Enhanced Bone Regeneration Using a ZIF-8-Loaded Fibrin Composite Scaffold.

Abstract

In the present study, fibrin-based biomaterials made of zeolite imidazole framework-8 (ZIF-8) and fibrin gel (Z-FG) are fabricated with the aim of enhancing skull regeneration. X-ray diffraction (XRD), scanning electron microscopy (SEM), ultraviolet (UV)-vis spectrophotometry, Fourier transform infrared spectroscopy, and rheometry are used to characterize ZIF-8 and Z-FG. The influences of ZIF-8 on the physical properties of fibrin gel (e.g., porosity, modulus, and in vitro biodegradation) are investigated, and the effect of ZIF-8 concentration on fibrin gel properties in vitro is determined by seeding ectomesenchymal stem cells (EMSCs) over Z-FG. EMSC osteogenic differentiation reveals higher expression of bone-related proteins and higher calcium deposition and alkaline phosphatase activity, indicating that Z-FG may be a good osteoinductive biomaterial.
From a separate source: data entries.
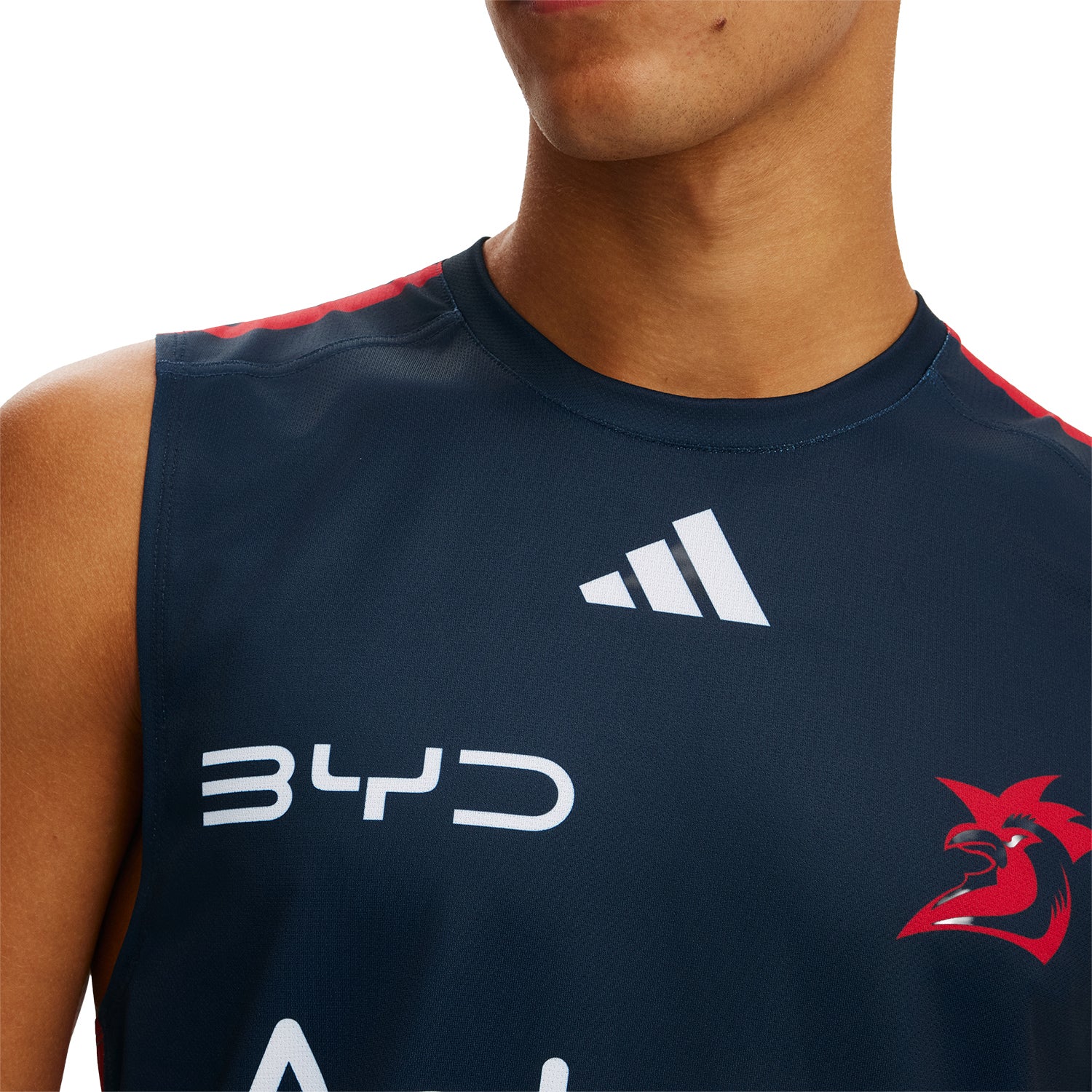 Sydney Roosters Mens 2026 Training Singlet - Image 3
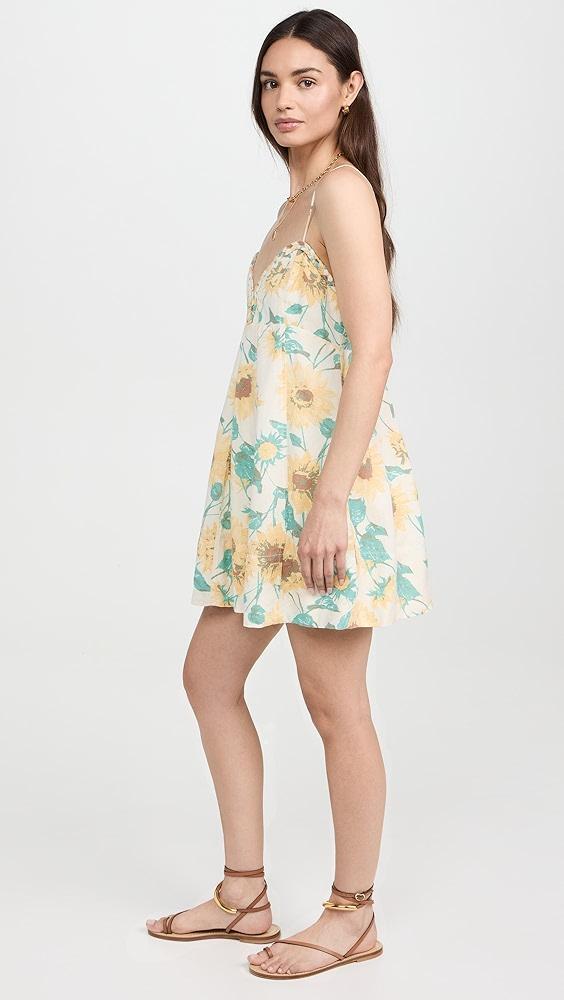 Free People Altura Printed Mini Dress | Shopbop Product Image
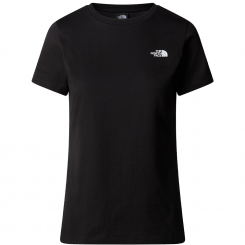 The North Face - W S/S Simple Dome Tee Tnf Black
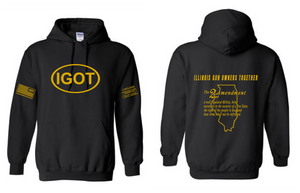 IGOT Pull-over Hoodie Yellow 2020 Front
Furthermore, these results show that the piezochannel and yes-associated protein (YAP) signaling pathway are involved in the differentiation process. In addition, the in vivo results demonstrate that Z-FG increases bone formation in critical-sized calvarial defects in rats. Thus, the developed composite scaffold may be a suitable biomaterial for skull tissue-engineering applications.